* _PROBLEM TO SOLVE_
Starting with the line with "animales y mascotas" in the entries below and going on through the line with "果博平台真实吗安全吗可信吗：深圳国际会展中心：世界领先的会展目的地", output every line exactly and nothing more. No pictures.

* _DATASET RECORDS_
━━━━━━━━━━

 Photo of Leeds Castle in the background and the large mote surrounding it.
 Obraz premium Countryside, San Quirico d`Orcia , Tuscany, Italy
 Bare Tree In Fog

━━━━━━━━━━

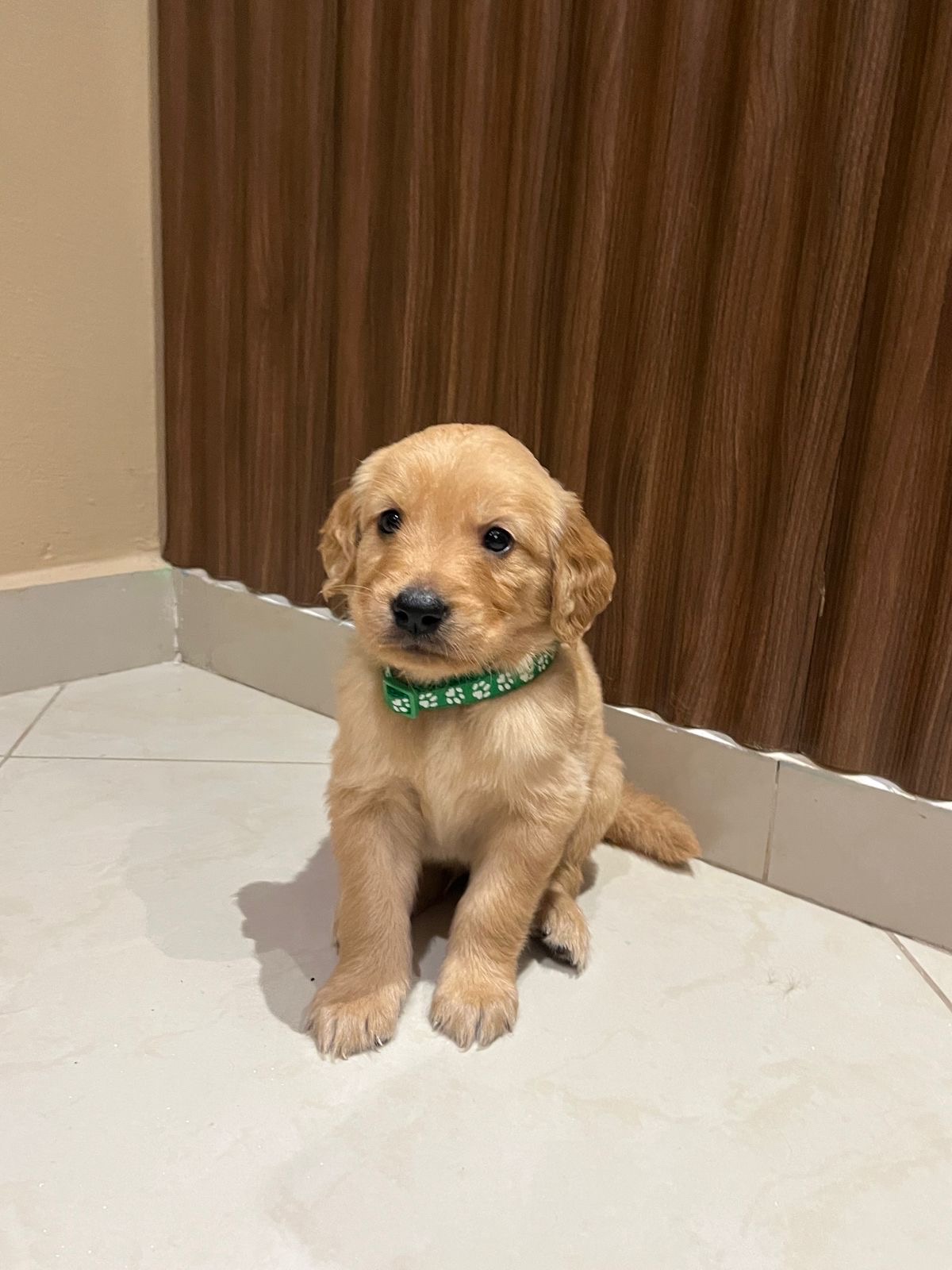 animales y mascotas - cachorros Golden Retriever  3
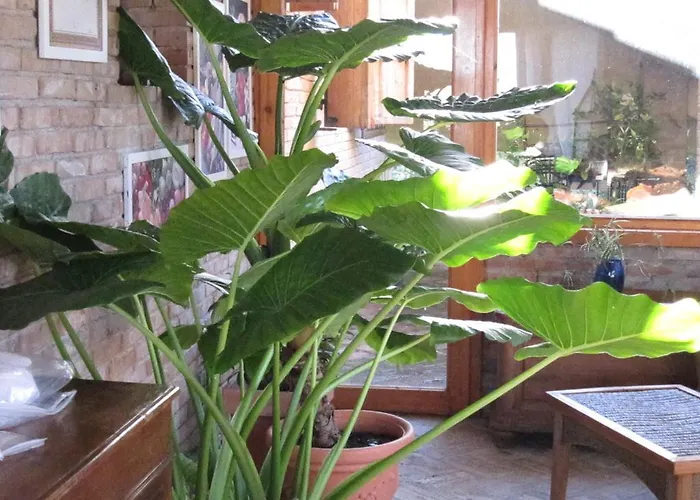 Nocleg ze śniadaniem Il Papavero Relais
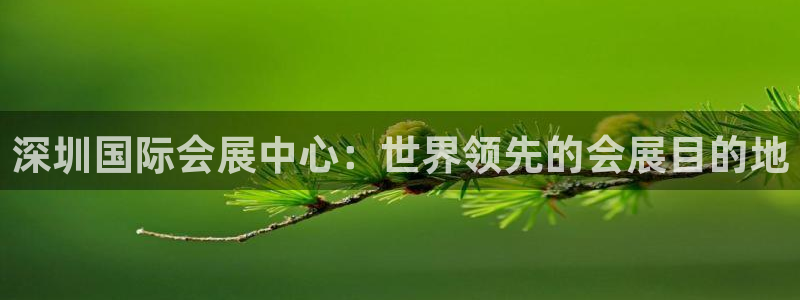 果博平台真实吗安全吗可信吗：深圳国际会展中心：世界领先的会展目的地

━━━━━━━━━━

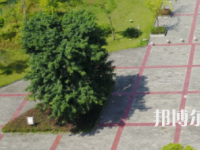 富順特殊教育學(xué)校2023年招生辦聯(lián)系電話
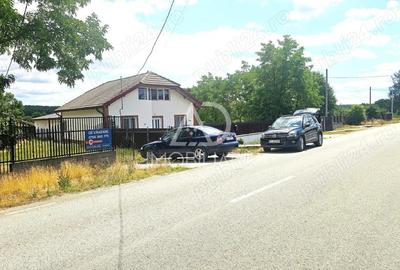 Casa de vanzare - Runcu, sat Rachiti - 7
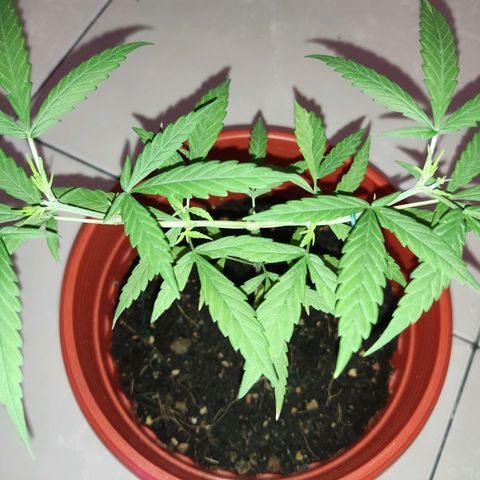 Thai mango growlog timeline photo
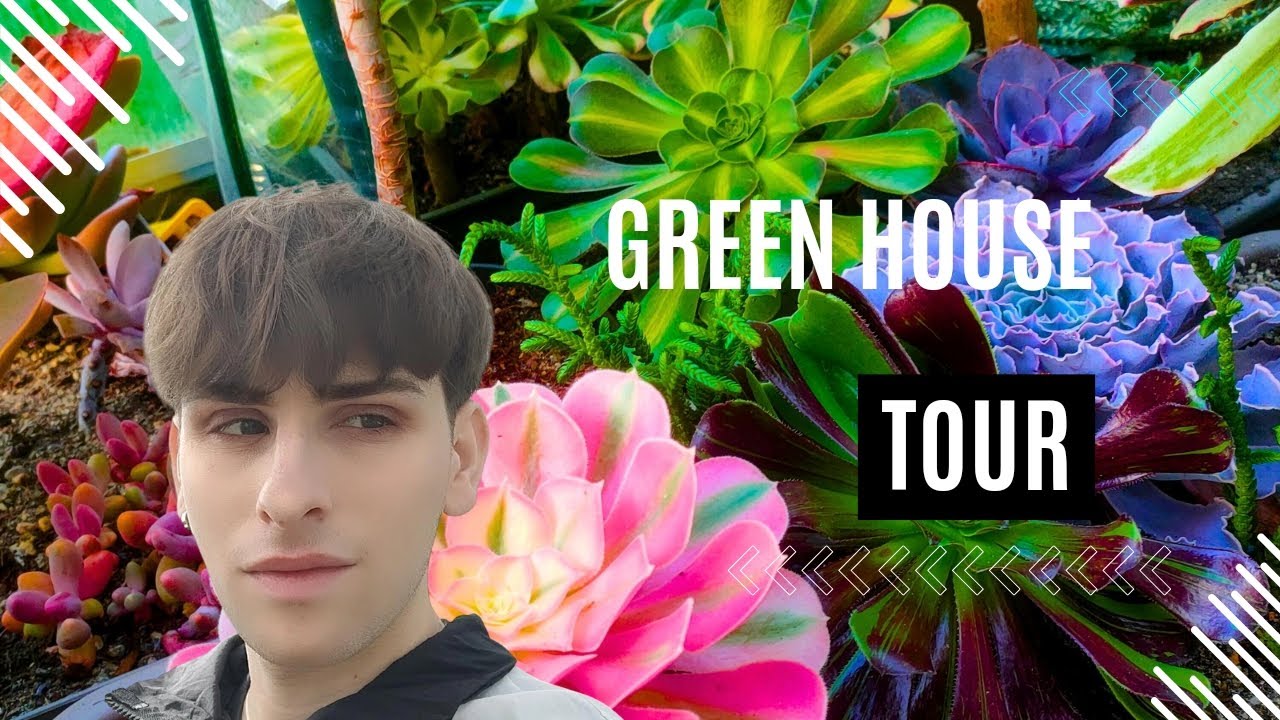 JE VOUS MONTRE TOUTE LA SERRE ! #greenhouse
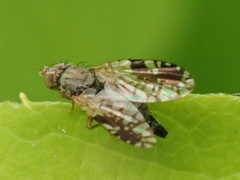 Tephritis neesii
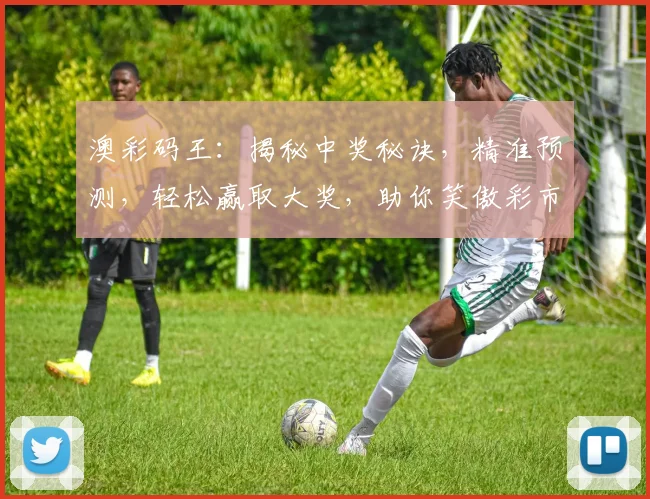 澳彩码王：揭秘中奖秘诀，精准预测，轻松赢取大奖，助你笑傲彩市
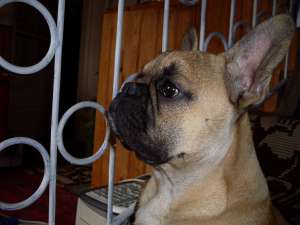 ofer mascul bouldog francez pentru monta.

━━━━━━━━━━

* _ANSWER FOR THIS EXERCISE_
 animales y mascotas - cachorros Golden Retriever  3
 Nocleg ze śniadaniem Il Papavero Relais
 果博平台真实吗安全吗可信吗：深圳国际会展中心：世界领先的会展目的地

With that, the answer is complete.